Procedure in the Event of an Inmate Death


As correctional health care professionals, we strive to avoid preventable deaths. However, when there is an inmate death, it should be reviewed to determine the appropriateness of clinical care; to ascertain whether changes to policies, procedures or practices are warranted; and to identify issues that require further study (standard A-10 Procedure in the Event of an Inmate Death in the 2008 jail and prison manuals).

The best way to answer these questions is to take a three-prong approach to every inmate death, regardless of the cause: an administrative review, a clinical mortality review and a psychological autopsy if the death is by suicide. These three processes comprise a death review (Compliance Indicator #2). Note that a death that occurs off-site while the facility is responsible for the inmate should also be reviewed.

Administrative reviews assess correctional and emergency response actions surrounding an inmate’s death. The purpose of such a review is to identify areas where facility operations, policies and procedures can be improved.

The 2008 standard reflects a few changes from the 2003 version.
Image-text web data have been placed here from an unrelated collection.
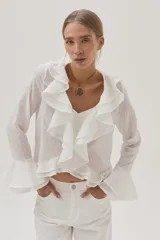 Blusa blanca de gasa con lunares, escote en V con volados y mangas largas acampanadas.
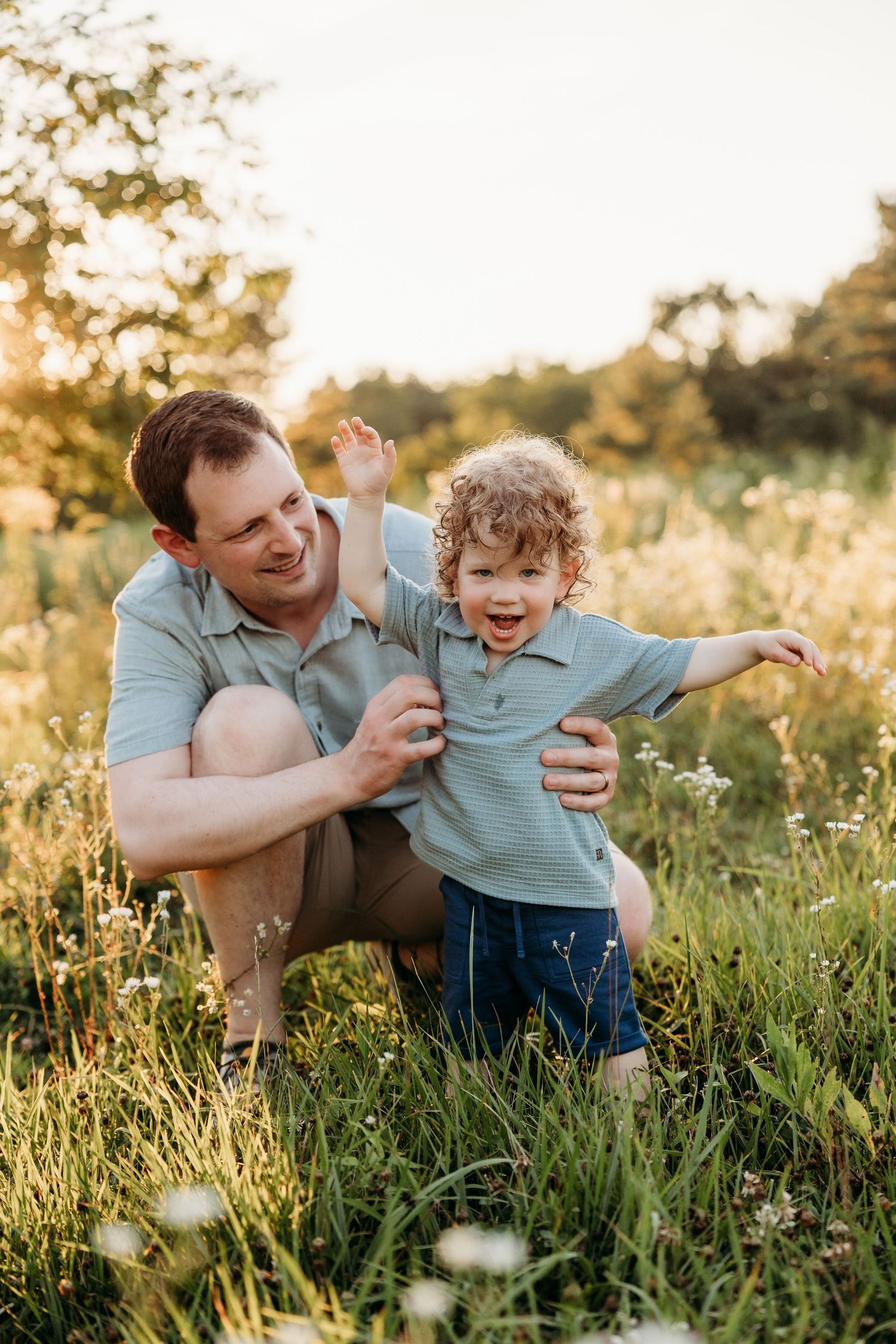 A father crouches in a sunny meadow, joyfully holding his curly-haired toddler son with arms outstretched.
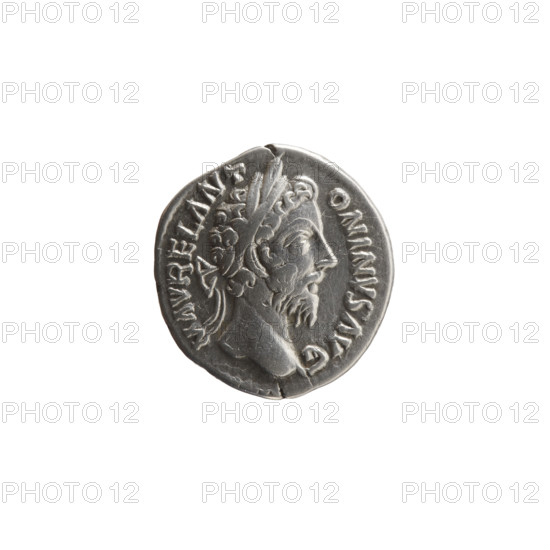 Denarius of Marcus Aurelius (121–180; Roman emperor 161–180). Obverse: Head of Marcus Aurelius with laurel wreath facing right, inscription 'M AVREL ANT - ONINVS AVG' all around. Reverse: Mars standing right, holding a spear in his right hand, resting his left hand on a shield standing on the ground, inscription 'TR P XXXIII - IMP VIIII COS III PP' all around. Date: 178–179. Roman Empire (27 BC–476), Rome. Coin; diameter 17.0–18.0 mm, weight 3.05 g, axis 180°.
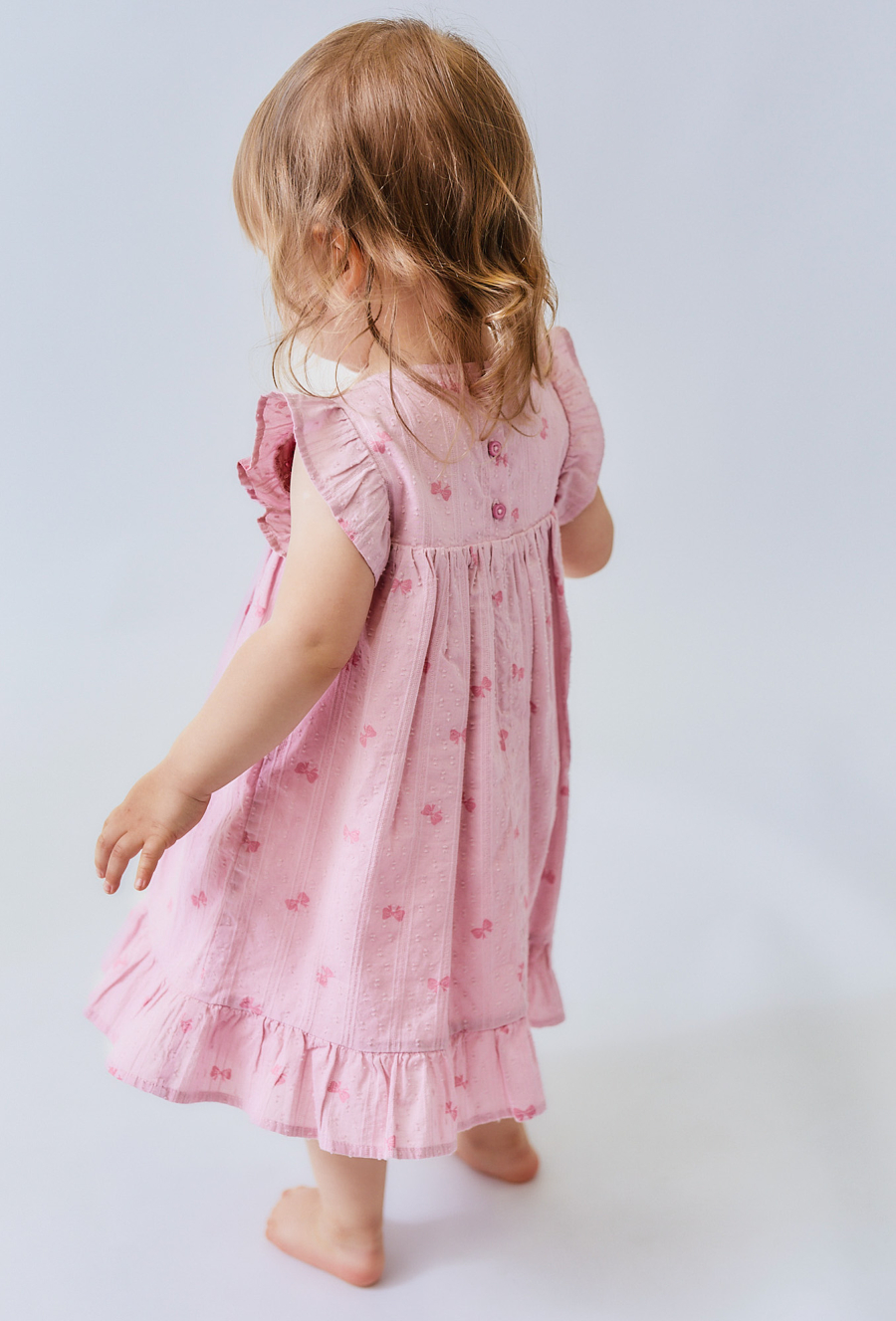 Sukienka niemowlęca z falbankami i kokardkami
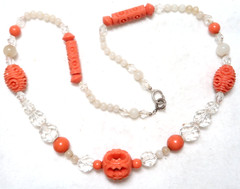 VINTAGE CARVED CORAL COLOR LUCITE WITH CLEAR CRYSTAL AND GLASS NECKLACE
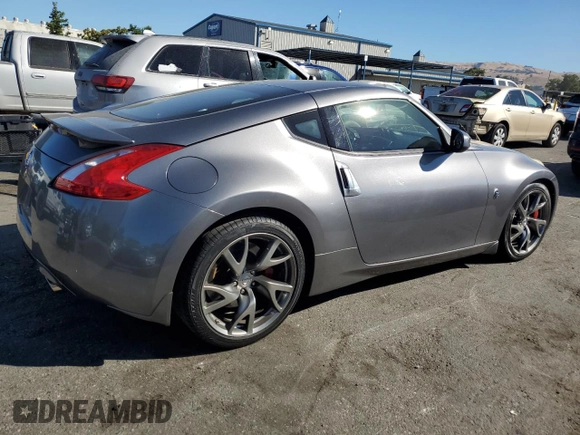 2013 Nissan 370Z with VIN JN1AZ4EH0DM380409, listed as a Copart auction lot 66869114 with 0 mi miles and Salvage Title. Bid and sale history available at carsss.com. Image 3.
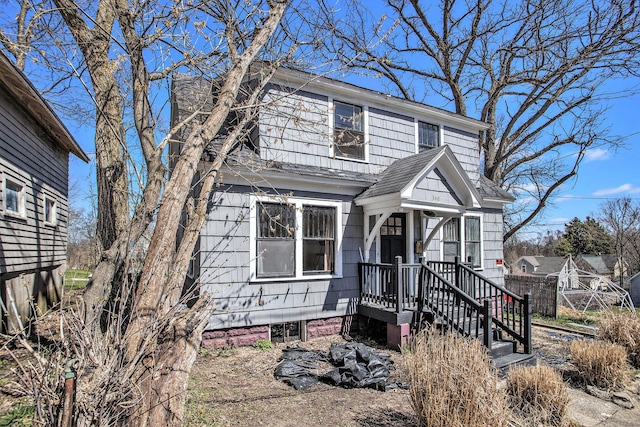 view of front of home featuring roof with shingles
A psychological autopsy (or psychological reconstruction) is now required for all cases of suicide. This written reconstruction of an individual’s life emphasizes factors that may have contributed to his or her death and is usually completed by a psychologist or other qualified mental health professional. The psychological autopsy may assist medical personnel in determining the mode of death; contribute to a clearer understanding of the person’s state of mind at the time of death, or why he or she chose that particular time or method; through interviewing fellow inmates, family and staff, provide a more accurate picture of the deceased in the days preceding the death; provide ways to better address the clinical needs of future suicidal inmates and to recognize behavioral patterns; and identify deficiencies in institutional policies.

The psychological autopsy not only helps us understand how and why, but through the process, also can help those involved with the deceased to heal.

Opportunity for Improvement
The clinical mortality review is an assessment of the clinical care provided and the circumstances leading up to a death. This review is an opportunity to identify areas of patient care or system policies and procedures that can be improved. At least three key questions can be asked: Could the medical response at the time of death be improved? Was an earlier intervention possible? Independent of the cause of death, is there a way to improve care?

Typically, clinical mortality reviews include a review of the incident and facility procedures that were implemented; training received by the staff involved; pertinent medical and mental health services and reports involving the inmate; and recommendations, if any, for changes in policy, training, physical plant, medical or mental health services, and operational procedures. When a death is expected, a modified review process focusing on relevant clinical aspects of the death and the preceding treatment may be used.

A clinical mortality review should be conducted separately from other formal investigations that might be required to determine the cause of death. It could be completed by a unit physician not involved in the patient’s treatment, a central office or corporate physician, or an outside medical group. When multiple deaths occur at a facility, an assessment should be done to determine whether any patterns require further study.

The clinical mortality review should not be delayed due to a pending medical autopsy. When a medical autopsy is completed after the clinical mortality review, the clinical review should be appended with information from the autopsy report. While the following is an optional recommendation from NCCHC, a postmortem examination can be beneficial and should be requested because such information can increase treating staff’s understanding of the pathology of disease.

All deaths are to be reviewed within 30 days. It is often misinterpreted that only the clinical mortality review needs to be conducted within 30 days of an inmate death, when in fact all three components of the death review should be completed in this time frame. There should be documentation that these three components were accomplished, as well as evidence that the results of the clinical mortality and administrative reviews were shared with treating staff (Compliance Indicators 1 and 3).

Corrective Follow-Up
Another important change to the 2008 standard is that corrective actions identified through the mortality review process should be implemented and monitored through the continuous quality improvement program for systemic issues, and through the patient safety program for staff-related issues (Compliance Indicator 4).

Systemic issues might include opportunities for policy and procedure or organizational change; CQI process studies are a great way to study specific root causes. Staff-related issues focus more on individual clinical performance and related needs, such as recommendations for additional training (these matters are generally not discussed in an open forum such as CQI committee meetings). Standards A-06 and B-02 provide more information on CQI and patient safety systems.

[This article first appeared in the Summer 2009 issue of CorrectCare.]